BESS, YOU IS MY WOMAN NOW. 7:35
Без даты
Мама
НАЧАЛО АУДИОЗАПИСИ
— …Это я ее убил. Не знаю, зачем я это сделал.
— Правильнее будет считать это несчастным случаем.
— Нет. Я знаю, что такое несчастный случай. Несчастный случай — это то, что произошло в Мадриде. На вокзале Аточа. За девять месяцев и пятнадцать дней до того, как я ее убил.
— И что же там произошло?
— Сработали взрывные устройства. В четырех поездах.
— Ничего не слышала об этом.
— Слышали. Просто забыли. Больше десяти лет прошло. Вы, наверное, были маленькой девочкой.
— Погодите… Ну, конечно. Взрывы в Мадриде. Я помню. Тогда мы принесли свечи к консульству. И цветы. Кажется, гвоздики, или, может быть…
— Маки?
— Ну что вы. Это была ранняя весна. И я уже не была маленькой девочкой.
— Как они выглядят?
— Маленькие девочки?
— Гвоздики.
— Обыкновенно. Красные цветы, небольшие. Край цветка волнистый.
— Это маки.
— Красные и белые цветы.
— Белые маки тоже существуют.
— Ранняя весна — слишком холодное время для маков.
— Вы не понимаете. Макам все равно.
— Ну, хорошо. Пусть маки. Мы принесли их к консульству в память о жертвах теракта. Это был теракт. Множество погибших.
— Сто девяносто два человека. И это был несчастный случай.
— Сработали взрывные устройства. В четырех поездах. Вы сами так сказали. Разве это похоже на несчастный случай?
— Снова я все напутал… Несчастный случай произошел раньше. Просто из-за взрывов никто его не заметил.

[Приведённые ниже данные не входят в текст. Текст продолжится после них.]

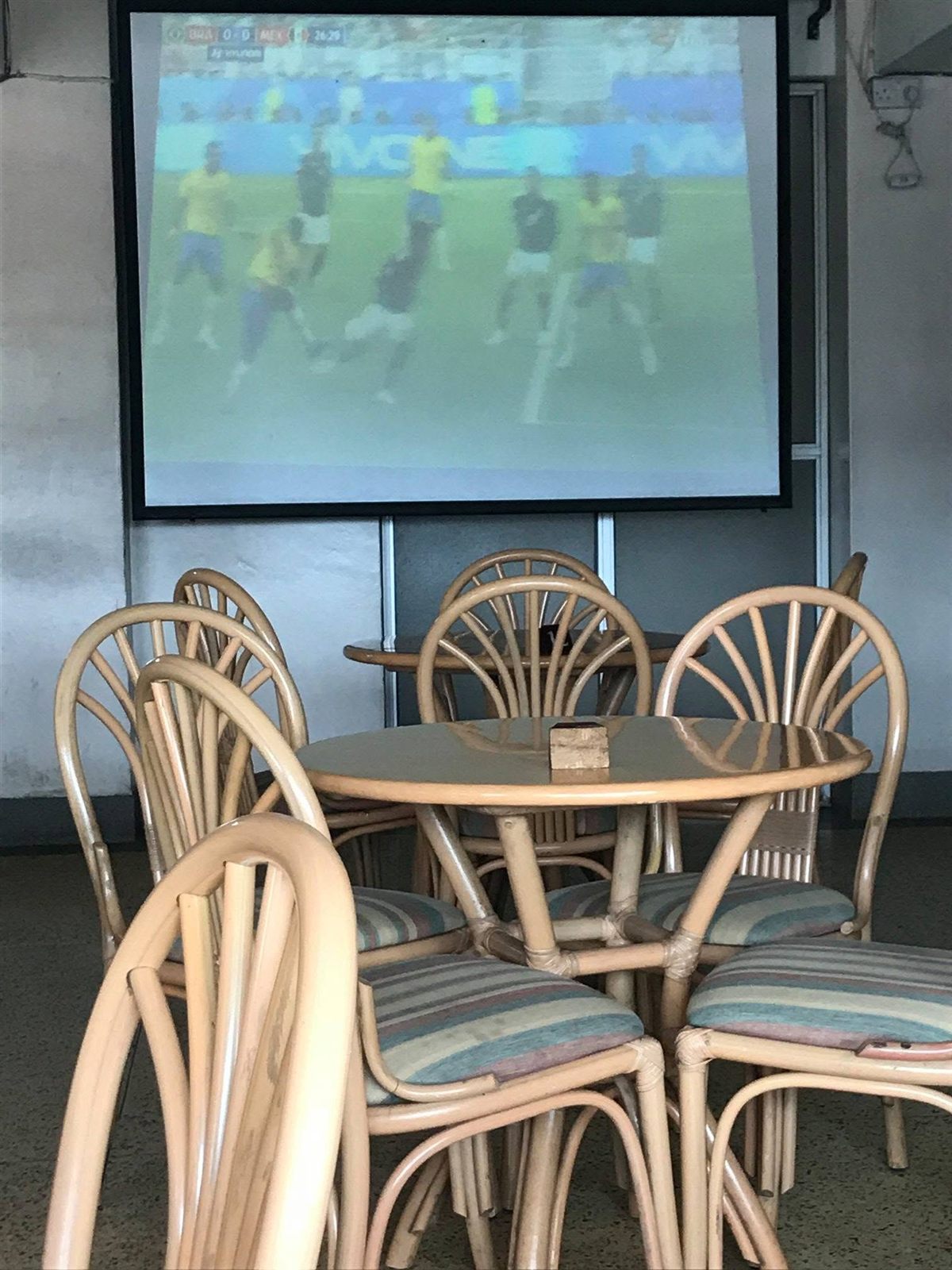 Lounge seating in front of the big screen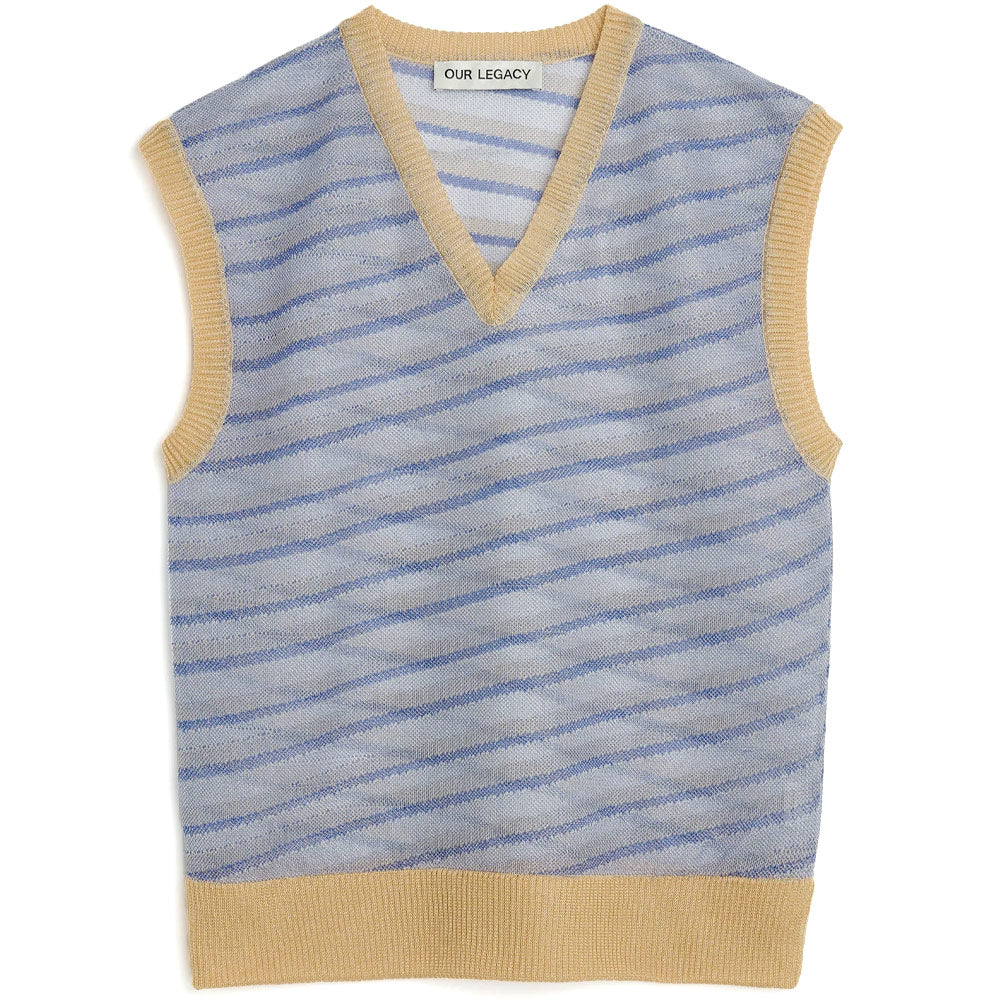 Knitted Vest 'Cartoon Static Stripe' – Alumni of NY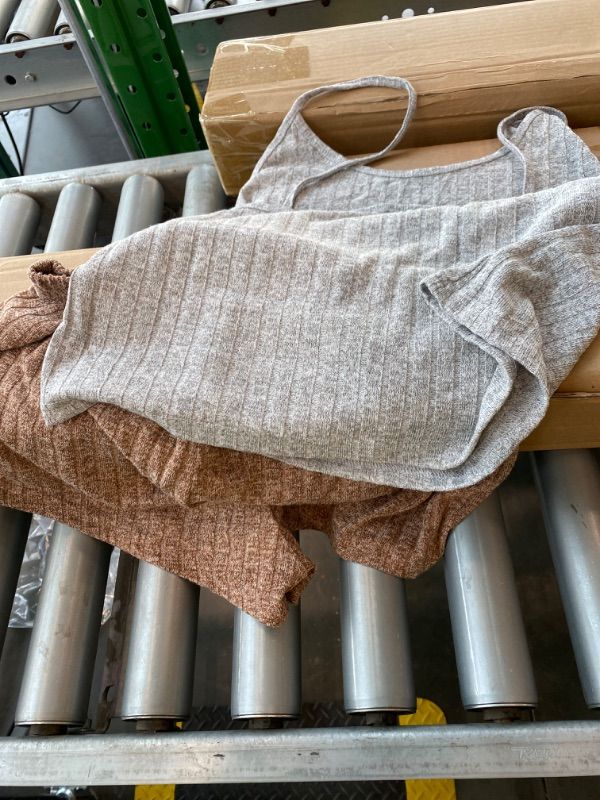 Photo 1 of *Missing Parts*
GORGLITTER Women's 3 Sets Ribbed Pajamas Set Sleeveless Crop Top and Tie Front Shorts Lounge Set Sleepwear Loungewear Grey Black Khaki Large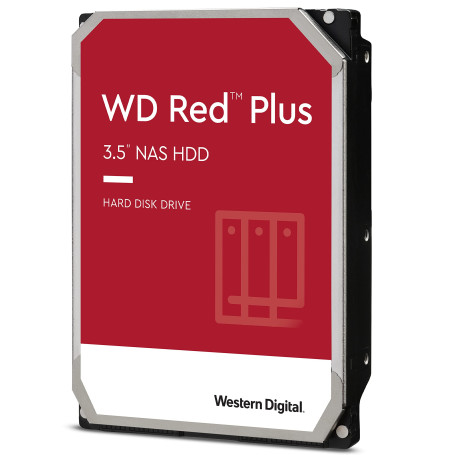 WD Red Plus Disque Dur Interne NAS 3,5" 12 to – Classe 7200 TR/Min, SATA 6 Go/s, CMR, 256 Mo de Cache
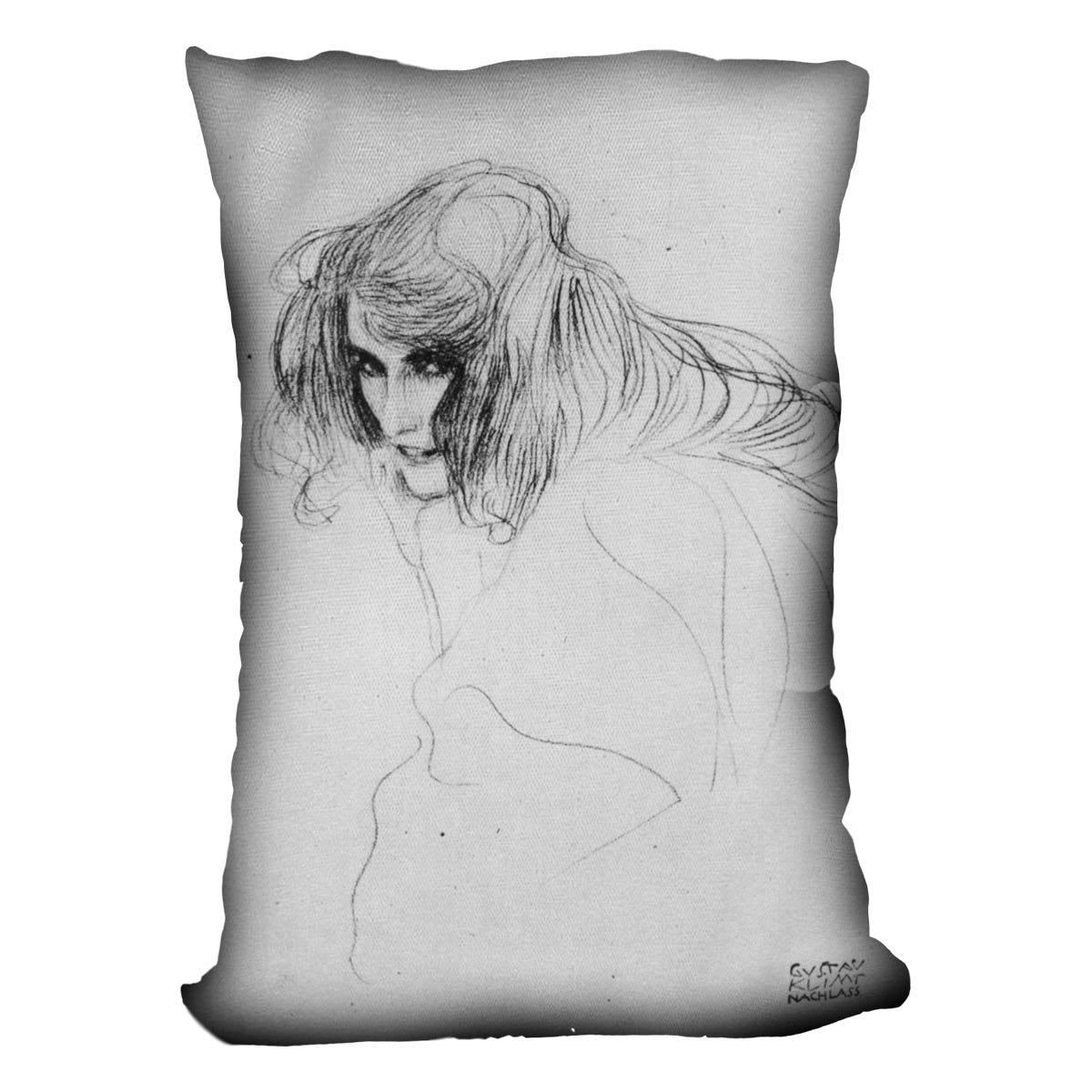 Womans head in three quarters profile by Klimt Throw Pillow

Никто не вспомнил о нем.
— Можете его описать?
— Я потерял птицу.
— Разве можно потерять птицу?
— Потерял из вида.
— Она улетела?
— Просто исчезла.
— Это и есть несчастный случай?
— Когда теряешь что-то важное, разве не становишься несчастным?
— Вы правы. Да. Наверное, это была особенная птица?

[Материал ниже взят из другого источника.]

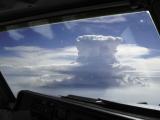 Column of cloud from the cockpit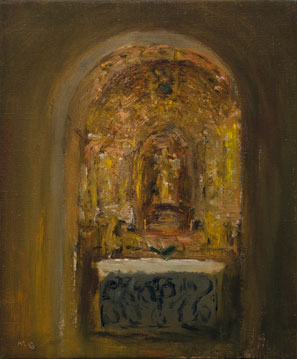 Miguel Galano Altar portugués, 1998, óleo sobre lienzo, 27x22 cm.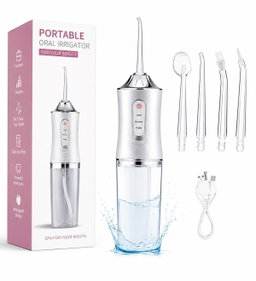 Portable Green Cordless Electric Water Flosser And Oral Irrigator With a 230ml Water Tank 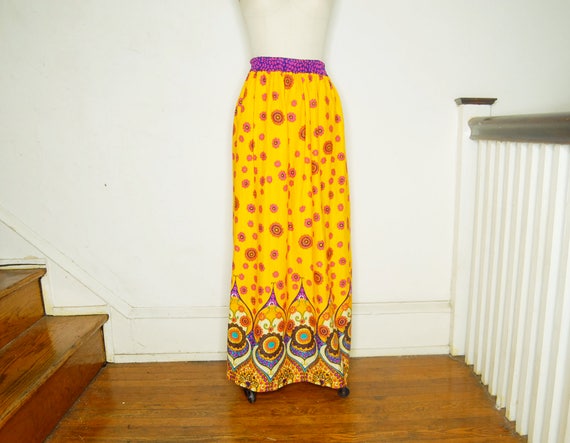 60's psychedelic high waisted maxi skirt, Floral … - image 1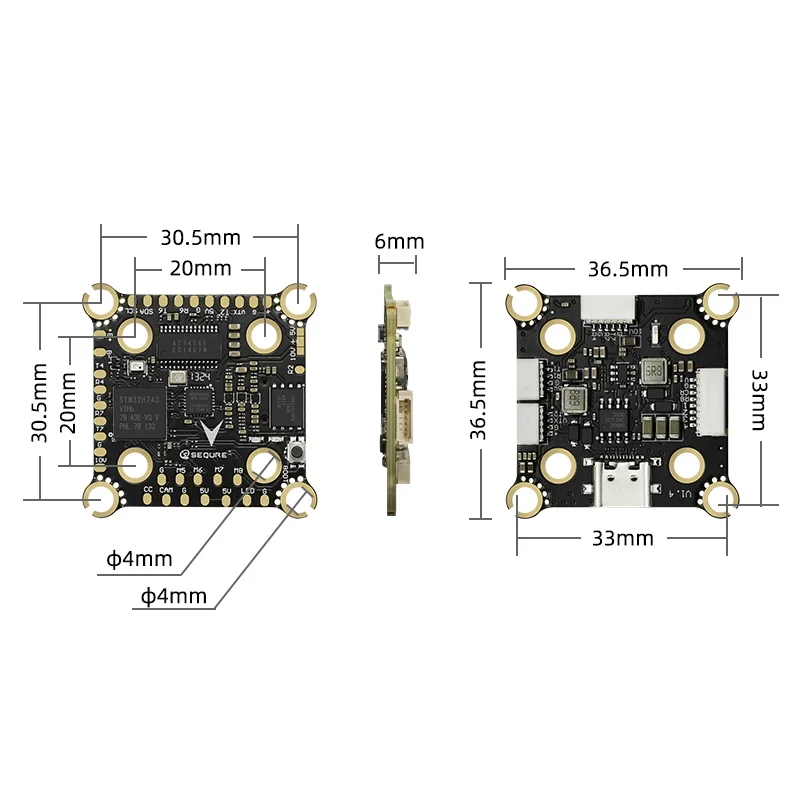 Sequre H743 Mpu6000 Fc Compatible With Both 20mm & 30.5mm Hole Positions 4-8s Dual Bec For X8 Aerial Photography Freestyle Drone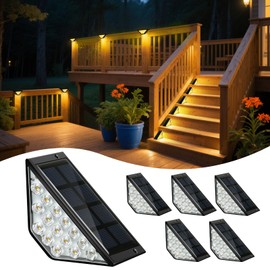 BKBB PPBB Solar Step Lights for Outside, Solar Stair Lights Outdoor Waterproof, Deck Step Lights for Fence, Patio, Yard, Porch, Front Door, Sidewalk, Garden, Patio Decor (6, Warm White)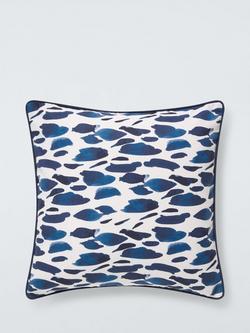 John Lewis Water Splashes Indoor/Outdoor Cushion, Navy, Navy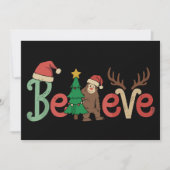 Geloof Bigfoot Sasquatch Kerstman Rendier Kerstmis Feestdagenkaart (Voorkant)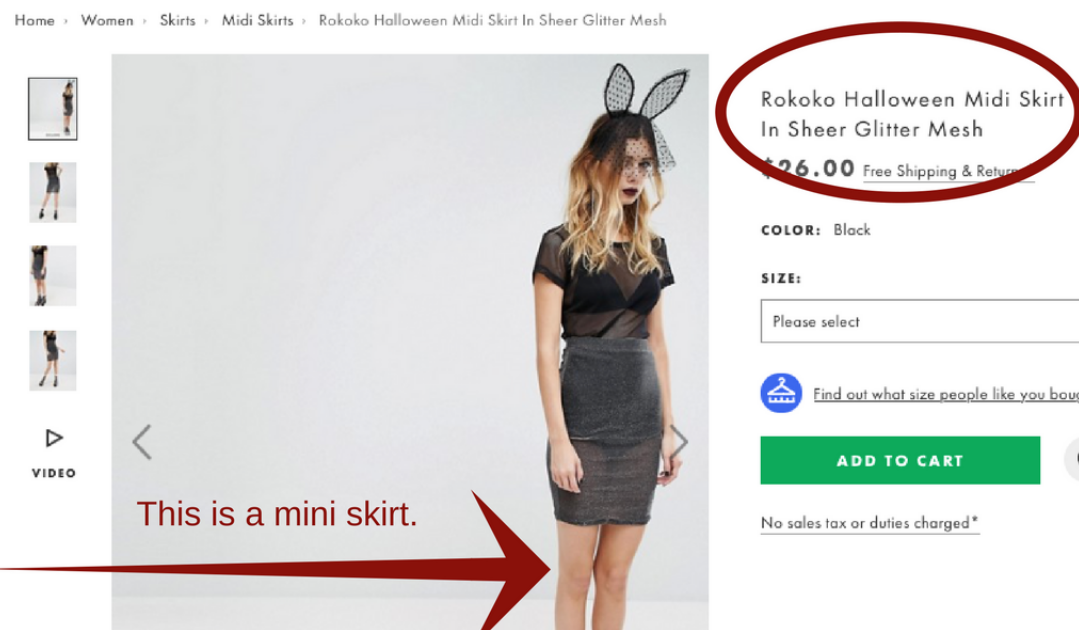 Poorly Optimized Product Listing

— Красные перышки на голове. Желтые лапки. Она — мой лучший друг.
— Мне жаль.
— Хотите, расскажу, как все было?
— Для этого вы здесь.
— Для этого вы здесь.
— Да, конечно. Продолжайте.
— Мы с мамой стояли на перроне в Алькала-де-Энарес. Мы тогда жили в Алькала-де-Энарес, не знаю почему.
— Приехали к кому-то погостить? К родственникам или друзьям…
— Нет-нет. У нас нет друзей и родственников. И никогда не было.
— А птица?
— К птице не приедешь в гости. Я ведь не сумасшедший. Или вы думаете, что я…
— Конечно, нет.
— Потом я расскажу вам о птице. Это важно. Потом, не сейчас. Сейчас утро, и мы с мамой стоим на перроне. Маме надо ехать в Мадрид, я ее провожаю. Вообще-то ехать всего ничего. Минут сорок — и ты на месте, на Аточе, центральном вокзале. Но я всегда провожаю ее по утрам. Смотрю, чтобы никто ее не толкнул. Не задел, когда она садится в вагон. Очень много народу по утрам отправляется в Мадрид. Все работают там.